_PROVIDED MATERIAL_
====

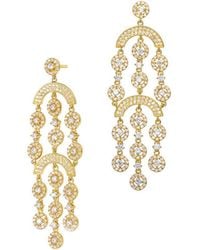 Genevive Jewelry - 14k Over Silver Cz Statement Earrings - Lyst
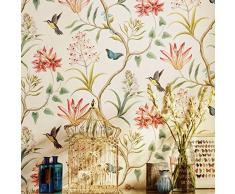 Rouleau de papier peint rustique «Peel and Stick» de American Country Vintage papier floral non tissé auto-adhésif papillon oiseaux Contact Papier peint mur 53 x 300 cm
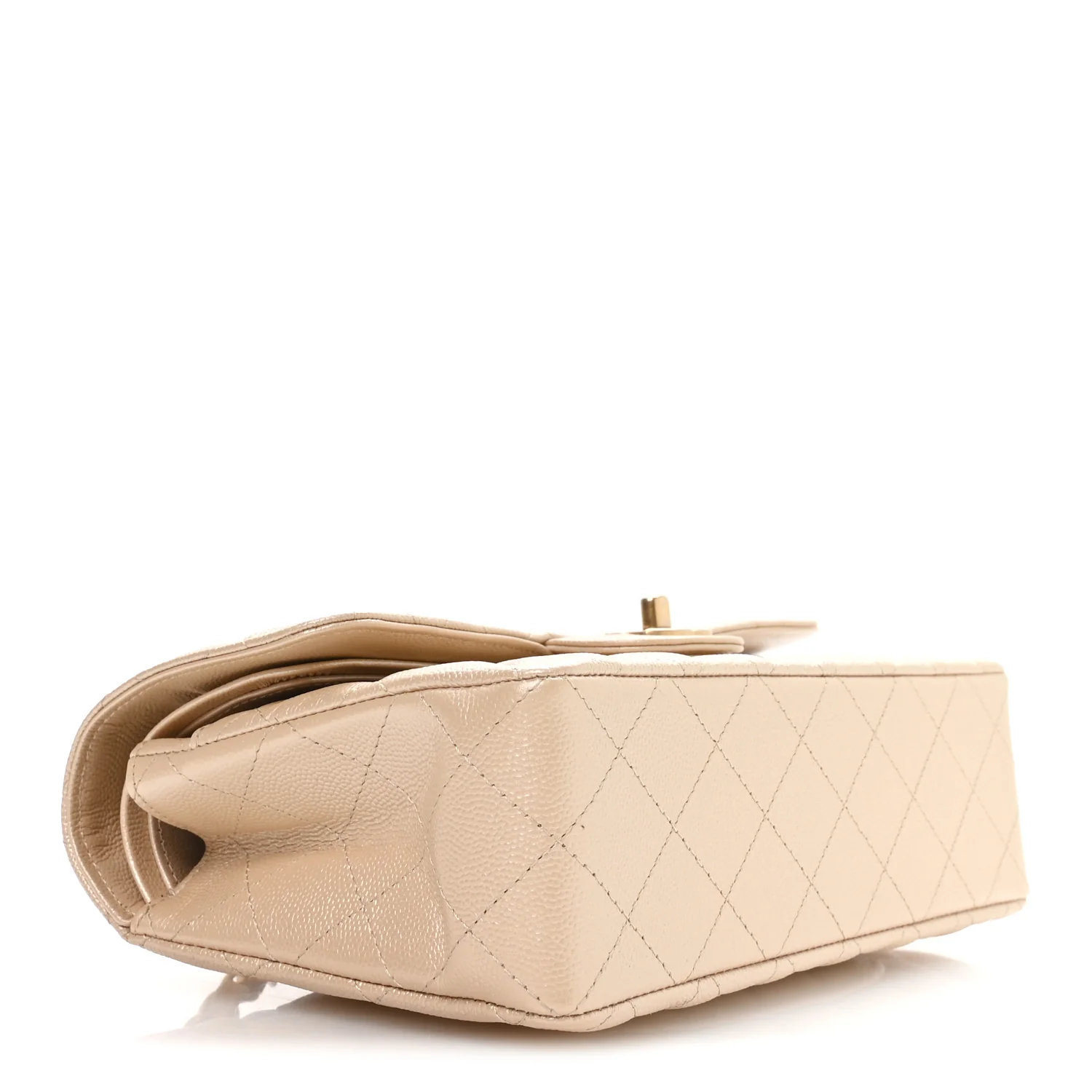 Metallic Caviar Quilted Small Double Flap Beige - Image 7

====

_ABOUT THIS EXERCISE_
Write every line of the data out again exactly, leaving out all images.

_THE ANSWER_
 Genevive Jewelry - 14k Over Silver Cz Statement Earrings - Lyst
 Rouleau de papier peint rustique «Peel and Stick» de American Country Vintage papier floral non tissé auto-adhésif papillon oiseaux Contact Papier peint mur 53 x 300 cm
 Metallic Caviar Quilted Small Double Flap Beige - Image 7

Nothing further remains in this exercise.